What are the most commonly used business-appraisal methods?
There are many ways to appraise a business, but the two most common are based on either the income stream or the underlying assets of the business. According to Schroeder, the most common approach is to take the greater value of the two. In the case of the business’ underlying assets, the number is fairly easy to come up with. With the income stream, there are normally industry standards that determine the present value of the future income stream when using the income- stream approach.

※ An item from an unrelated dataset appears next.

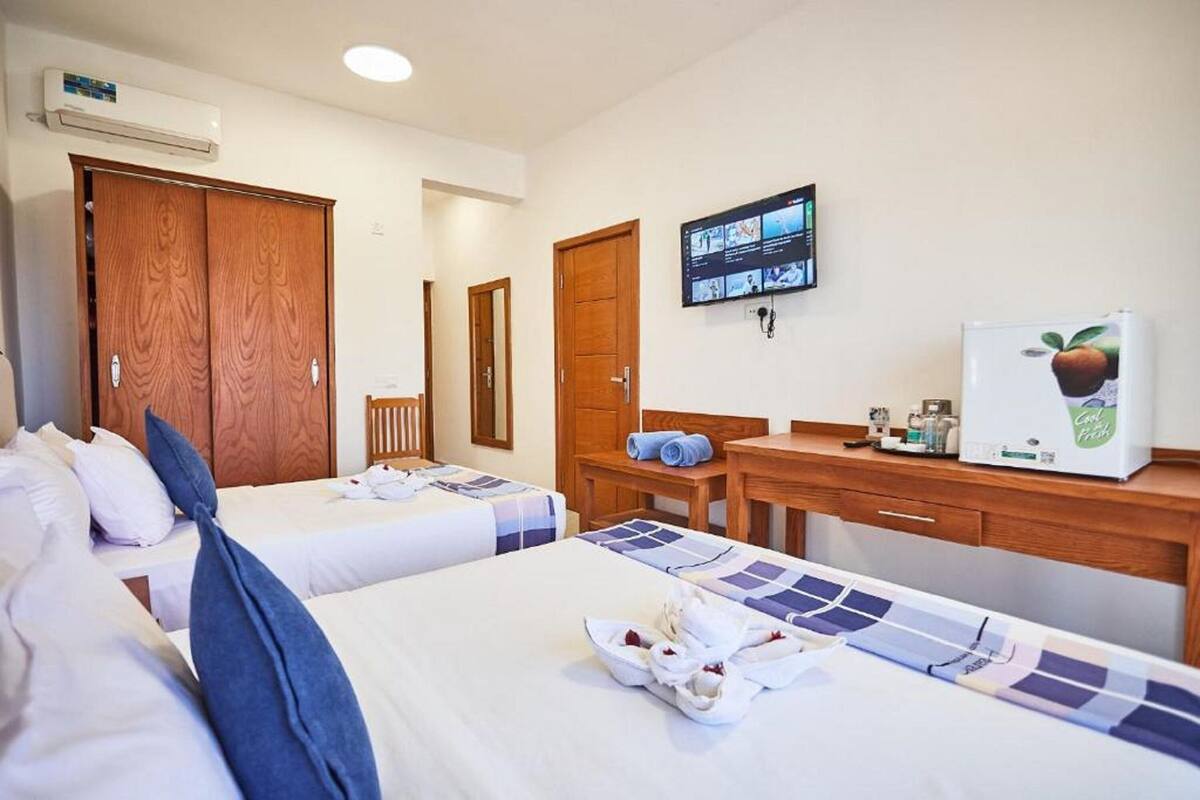 Una habitación de hotel con dos camas, un escritorio con refrigerador, televisión y armario.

A caution with business appraisal: Most people think their business interest is worth far more than it really is, especially when they are trying to establish a selling price. On the other hand, in an adversarial situation such as a divorce or a tax situation, business owners want to set the value as low as possible. The certified appraiser is an unbiased outsider and is almost always the best choice for resolving these issues.
What are the consequences of not having a current business appraisal?
The risks are too numerous to fully cover here, but here are a few of the more serious ones:
- The business may have to be sold as part of a divorce settlement.
- The business may lose much of its value if an owner becomes disabled or wants to retire and the remaining owners can’t agree on a price for the departing owner’s interest.
- If an owner dies, the IRS may not agree with a business appraisal done for the purpose of establishing the value of the deceased owner’s interest.
- The heirs may not want, or they may not be competent to run the business interest they inherit, and the business will rapidly lose value.
Appraising a business should be a structured, planned and ongoing activity. It is far easier to draft the legal agreements and perform the appraisal when the parties who may benefit or lose out are on good terms than when they are not. In addition, appraising a business ahead of time can prevent expensive litigation, tax bills or animosity between business partners, while preserving the business, its assets and its value for future owners or heirs.